Musings of a Software Developer: Algorithms, performance and getting burnt

After a long time, I am writing something on my blog. So here it is ..

This post is about me starting to solve a small but interesting problem with different approaches and ended up breaking my head against why an algorithm with supposedly O(n) complexity is 4 times slower than O(n^2).

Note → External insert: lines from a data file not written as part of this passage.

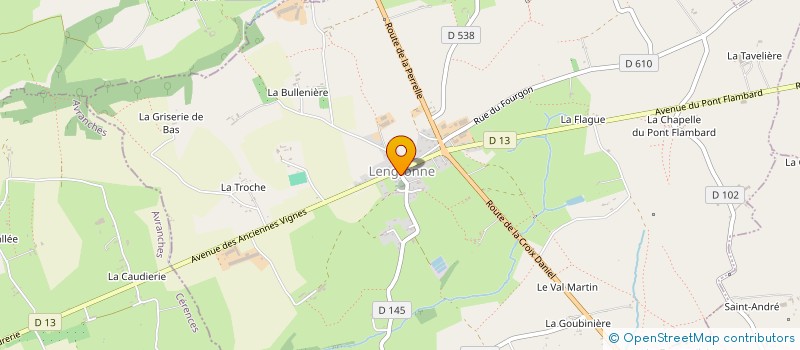 localisation de l'entreprise MONSIEUR PHILIPPE CLEMENT  LENGRONNE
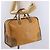LOEWE Amazona 40 Hand Bag Leather Brown Gold - vista 22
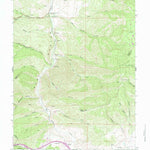 United States Geological Survey Big Dutch Hollow, UT (1961, 24000-Scale) digital map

So here's the issue. I have the following data :

Name,Value

Sridhar,1

Ashish,2

Prasanth,3

Sridhar,4

Ashish,5

Sridhar,8

and so on .. I hope you get the idea.

Now what I would like to do is to print the following output.

Sridhar : 1;4;8;....

Ashish : 2;4;.....

Prasanth: 3;......

Note that here, it does not matter what the values are, I am giving this data just for the example. So shown below is my setup which would be used by my implementations. (I am demoing it as a test).


  private Stopwatch sw;
        [SetUp]
        public void SetUp()
        {
            GC.GetTotalMemory(true); // I dont know why i did this!
            tl = new List(10000);
            var names = new[] { "Krishna", "Ashish", "Sridhar", "Prasanth" };
            foreach (var name in names)
                for (var i = 0; i < 2500; i++)
                    tl.Add(new Ud { Name = name, DrawerId = i.ToString() });
            tl.OrderBy(s => s.DrawerId);
            sw = Stopwatch.StartNew();
        }

        [TearDown]
        public void TearDown()
        {
            sw.Stop();
            Console.WriteLine(sw.ElapsedMilliseconds);
            sw = null;
        }

        public class Ud
        {
            public string Name { get; set; }
            public string DrawerId { get; set; }
        }

        private List tl;

The above code is self explanatory. I basically create a lot of Ud objects which generate the data that I presented earlier. Shown below is the most straight forward way to do it. It has two for-loops which makes the complexity O(n^2).


[Test]
        public void BasicImplementation()
        {
            var nvcs = new List();
            var list = new List();
            foreach (var item in tl)
            {
                if (list.Contains(item.Name)) continue;

                string val = string.Empty;

                foreach (var item2 in tl)
                {
                    if (item2.Name == item.Name)
                        val += item2.DrawerId + ";";
                }

                nvcs.Add(new NameValueCollection { { "Name", item.Name }, { "DrawerId", val } });
                list.Add(item.Name);
            }
            //foreach (var nvc in nvcs)
            //    Console.WriteLine(nvc["Name"] + " : " + nvc["DrawerId"]);
            Assert.AreEqual(4, nvcs.Count);
        }

Now I went ahead and added another potential implementation which gives the same result but instead makes use of dictionary to track the strings that we build for each name in the list of objects. So instinctively, it appears that the dictionary method would be way faster than the one mentioned above. Lets look at that code.


        [Test]
        public void ADictionary()
        {
            var vals = new Dictionary();
            foreach (var item in tl)
            {
                if (!vals.ContainsKey(item.Name))
                    vals[item.Name] = item.DrawerId;
                else
                    vals[item.Name] = vals[item.Name] + item.DrawerId + ";";
            }
            Assert.AreEqual(4, vals.Values.Count);
        }

When I ran these two tests, I did not notice any performance gain with the above O(n) implementation and in fact it was three times slower. So why was it slower? Look at the setup, it has GC.GetTotalMemory(true) which forced a full garbage collection and its time was accounted in the time consumed by this dictionary as well since for the second time (when test with dictionary was executing) it had a lot of strings to clean up. So why did I put it in the first place? The answer is "I was not thinking straight". Never ever use GC classes in your code. It is a bad-bad-bad practice.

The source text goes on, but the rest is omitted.